No, nessuna delle due può rappresentare la soluzione. La migliore che si può auspicare, se siamo impossibilitati a eliminare completamente questi nostri confini, è quella di renderli più permeabili, ridurre il più possibile le nostre chiusure, aprirsi di più.

Forse è banale dirlo ma ci tenevo a condividere questa riflessione in un blog dedicato al benessere. Perché proprio aprendosi si facilita la apertura anche degli altri con riduzione delle resistenze e dei reciproci confinamenti, predisponendo le migliori condizioni di benessere personale e sociale.

Quindi meno ci confiniamo, più ci apriamo, meglio vivremo e meno saremo soggetti o oggetti di violenza. Ed è per questo che c’è tanto bisogno di amore, unica soluzione che garantisce l’assenza di violenza.

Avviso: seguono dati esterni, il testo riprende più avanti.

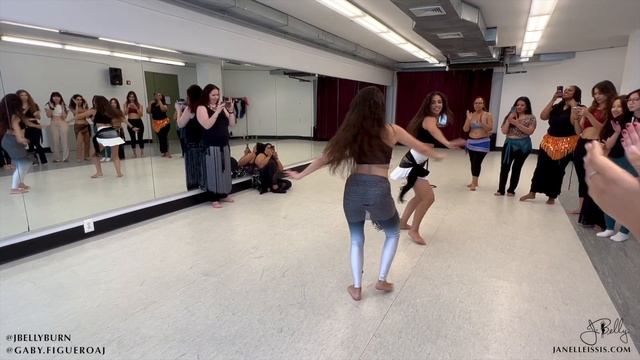 Trendy Bellydance Duet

Perché l’amore fa crollare automaticamente tutti i confini, crea canali comunicativi fluidi, naturali. Canali che generano condivisione della vita con reciproco potenziamento, condivisione di vedute diverse non sovrapposizione di personalità.

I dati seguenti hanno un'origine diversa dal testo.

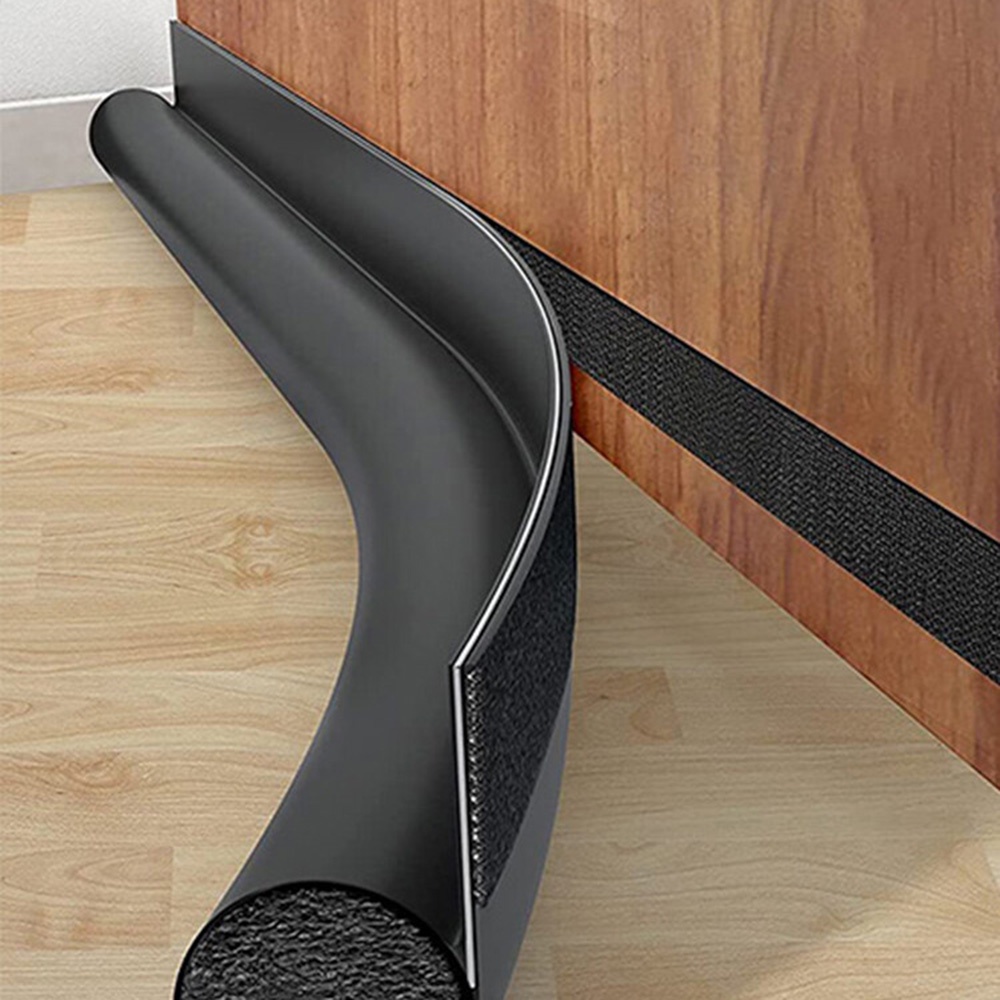 1pc Household Bedroom Door Bottom Seal Strip Soundproof Dust Wind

Quest’ultimo è l’amore-possesso, quello che chiude più d’uno in un unico confine ancora più rigido e che, se son vere le riflessioni fatte finora, comporta un ulteriore aumento delle condizioni favorevoli alle violenze. Se eliminiamo i nostri confini e ci riconosciamo in una comunità libera, non possiamo aspettarci che amore.

Infine, ci tengo a sottolineare che, se è inaccettabile la violenza di una persona su un suo simile, ancora più vigliacca è quella dell’uomo sulla natura che apparentemente non può difendersi.

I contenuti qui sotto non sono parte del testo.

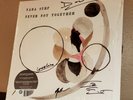 NADA SURF Never Not Together - AUTOGRAPHED Limited Edition Gray Vinyl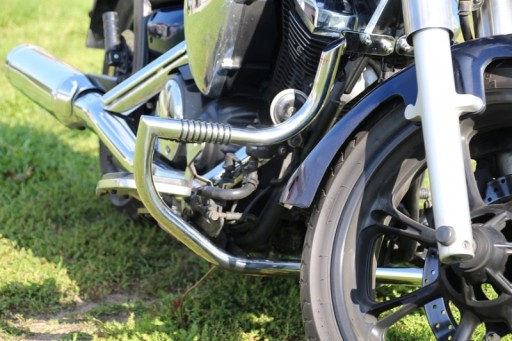 Защитные дуги с подножками YAMAHA XVS 950 MIDNIGHT STAR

Ma se ci sentissimo, come siamo, espressioni della natura stessa, sicuramente non la violenteremmo con i nostri abusi e non subiremo le sue involontarie (ma da noi provocate) conseguenze.

L’amicizia, che spesso è ancora più forte dell’amore stesso, potrebbe garantire il medesimo risultato come sottolineato da Paolo Crepet nel suo saggio Elogio dell’amicizia (Giulio Einaudi Editore, 2012).

“Image there is no border”, canta John Lennon, e prosegue “You will say I’am a dreamer”. Forse, ma senza sogni non si ama e, senza amore, non si vive.